This Severance Agreement (the “Agreement”), entered into effective May 7, 2013, is between American Pacific Corporation, a Delaware corporation having its principal place of business at 3883 Howard Hughes Parkway, Suite 700, Las Vegas, Nevada 89169 (the “Company”), and Dave A. Thayer, an individual residing at the address set forth below his signature at the end of this Agreement and currently the President of AMPAC Utah Operations and Vice President of American Pacific Corporation (“Executive”) (collectively, “the parties”).

1. Severance Benefits

Unless Executive’s employment is terminated for Cause or by death or Disability (as defined below), if the Company terminates Executive’s employment:

(a) The Company, in an attempt to ease Executive’s transition, and upon receipt of a mutually satisfactory release of potential claims against the Company, shall pay Executive all compensation due and owing through the last day actually worked, and shall continue to pay to Executive, in accordance with the Company’s then effective payroll practices, Executive’s then effective base salary (but not any employee benefits), less applicable withholding, for a period of three (3) years from the date the employment relationship with the Company terminates (the “Termination Date”); provided, however, that such payments by the Company shall be offset, during the third year following the Termination Date, by income paid to Executive by another employer other than the Company, which income Executive shall promptly report to the Company.

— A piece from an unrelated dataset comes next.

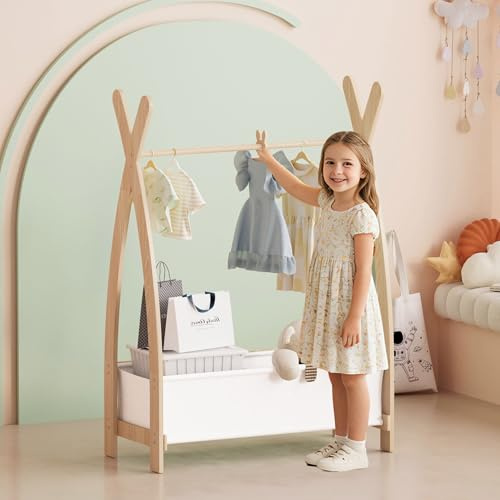 KEEPREAPER Kinder Kleiderständer Holz, Garderobenständer mit Aufbewahrungskiste und Kleiderstange, Kindergarderobe für Kinderzimmer, Mädchen (80 x 43 x 110cm)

For the avoidance of doubt, for purposes of this Section 1(a), base salary shall not include any perquisites or similar benefits provided to Executive prior to the Termination Date, including, without limitation, any automobile allowance, club membership or right to use aircraft otherwise provided by the Company for the use by the Company’s executives.

(b) If Executive elects to convert his Company group health coverage under COBRA, the Company will pay Executive’s COBRA premiums until the earlier of (1) the eighteenth (18th) month anniversary of the Termination Date or (2) Executive becomes covered by another employer’s group health plans.

(c) All shares of restricted stock granted to Executive, all unexercised options to purchase Company common stock and any other equity awards of the Company, in each case that are unvested at the time of such termination of employment of Executive, shall become, immediately prior to the Termination Date, fully vested and, as applicable, exercisable.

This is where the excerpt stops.